The window for either U.S. Sen. John Cornyn or Texas Attorney General Ken Paxton to exit the Republican primary runoff for a Senate seat has officially closed, with neither man seemingly blinking an eye.
Tuesday’s deadline came and went without a withdrawal filing from either candidate, sending Texas’s GOP Senate primary barreling toward another era of expensive inner-party warfare ahead of the May 26 runoff election.
Under the Texas Election Code, runoff candidates may withdraw until 5 p.m. on the third day after the state party completes its official canvass of primary results. The Republican Party of Texas ran that canvass on Saturday, March 14, setting March 17 as the final day for either candidate to step aside and hand the other the nomination outright.

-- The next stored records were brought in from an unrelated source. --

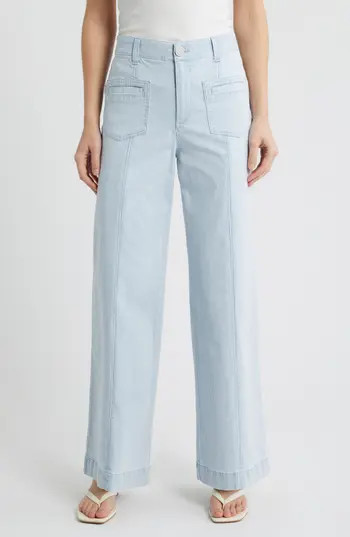 Wit & Wisdom Skyrise Stripe Patch Pocket Wide Leg Pants in Powder Blue at Nordstrom Rack, Size 16 | Nordstrom Rack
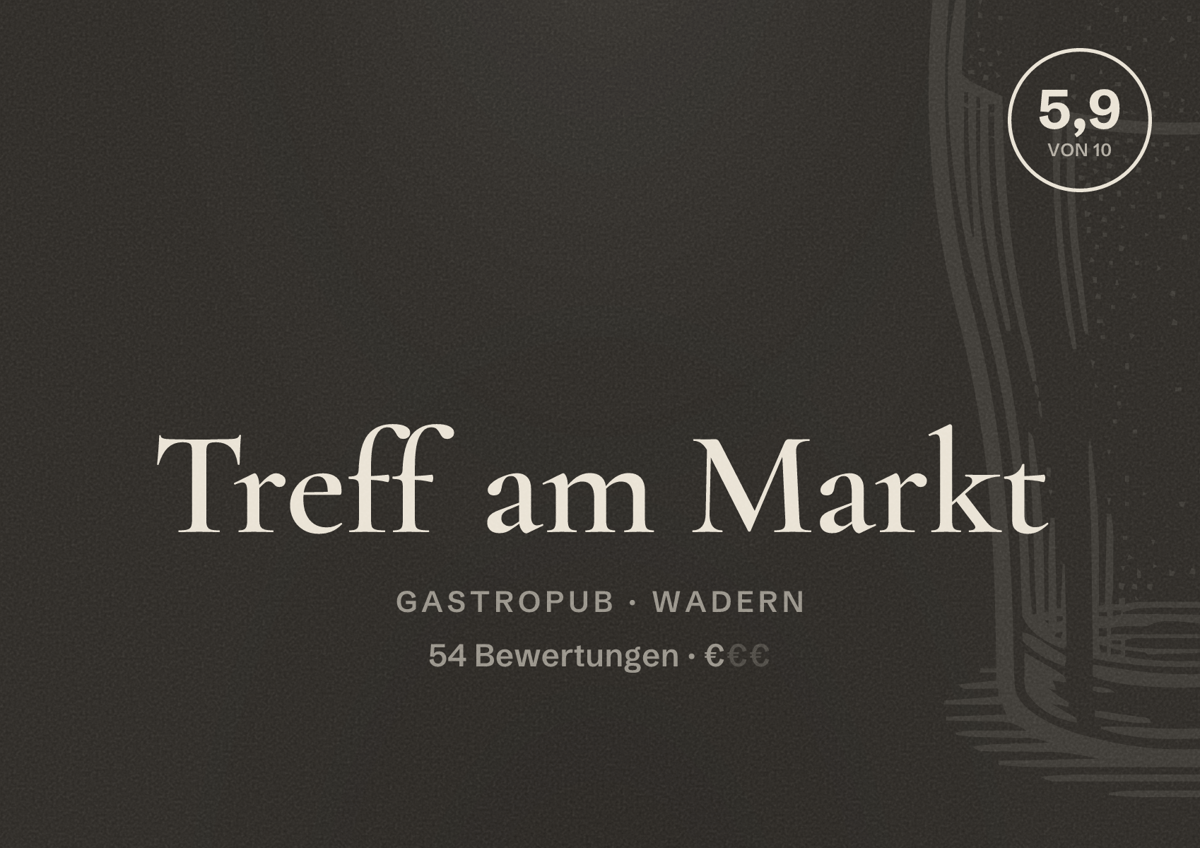 Illustriertes Poster von Treff am Markt, Gastropub in Wadern: Bewertung 5,9 von 10 aus 54 Bewertungen, Preisniveau €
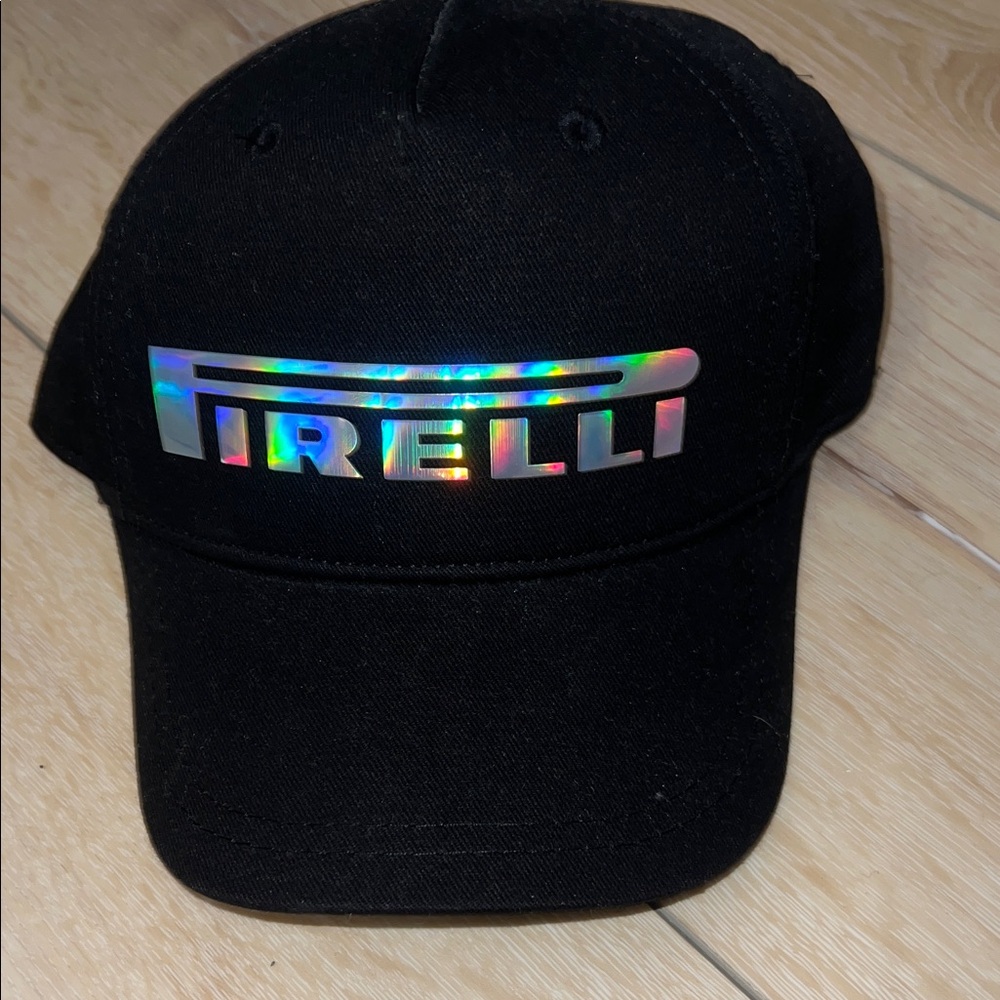 Pirelli Black Baseball Cap with Holographic Logo NWT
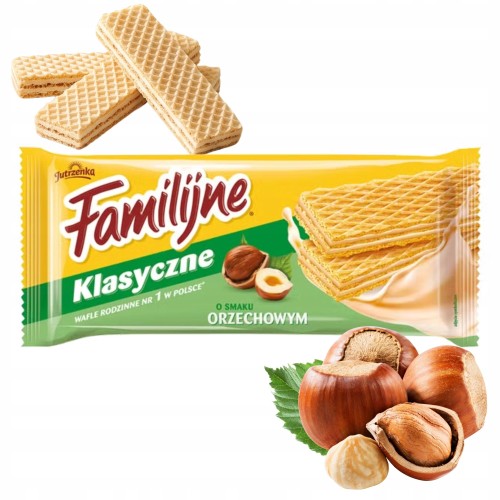 Przejdź do produktu Klasyczne Wafelki Familijne o Smaku Orzechowym 180G Jutrzenka Smaczne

The standoff has kicked off against a backdrop of intense pressure. Shortly after the March 3 primary – in which Cornyn and Paxton advanced with 43% and 41% of the vote, respectively- President Donald Trump posted on Truth Social, calling for the race to end, pledging to endorse one candidate and calling on the other to drop out immediately, as The Dallas Express reported at the time.
The President’s delay seems closely tied to the fate of the SAVE America Act, an election-integrity bill that would require proof of citizenship for federal voter registration, restrict mail-in voting, and ban gender-transition procedures for minors. Trump told NBC News that “A lot has to do with the SAVE America Act…Republicans have to get that passed, because that will secure voting in this country.”
Paxton jumped on the SAVE Act as leverage. He posted on March 5 that he would “consider dropping out” of the Senate race if Senate leadership agreed to lift the filibuster and pass the SAVE Act.
The Save America Act is the most important bill the U.S. Senate could ever pass, and I'm committed to helping President Trump get it done.
I would consider dropping out of this race if Senate Leadership agrees to lift the filibuster and passes the SAVE America Act.
John Cornyn…
— Attorney General Ken Paxton (@KenPaxtonTX) March 5, 2026
Cornyn, for his part, pulled off a notable primary conversion. As The Dallas Express previously reported, Cornyn expressed support for altering Senate rules to pass the SAVE America Act – a position he had long opposed – arguing in a March 11 opinion piece that “when the reality on the ground changes, leaders must take stock and adapt.”
The Senate began debating the SAVE America Act on Tuesday, with Cornyn voting alongside 50 other Senate Republicans to open debate.
The Republican nominee will face Democrat James Talarico, a state representative who won his party’s primary, in the November general election.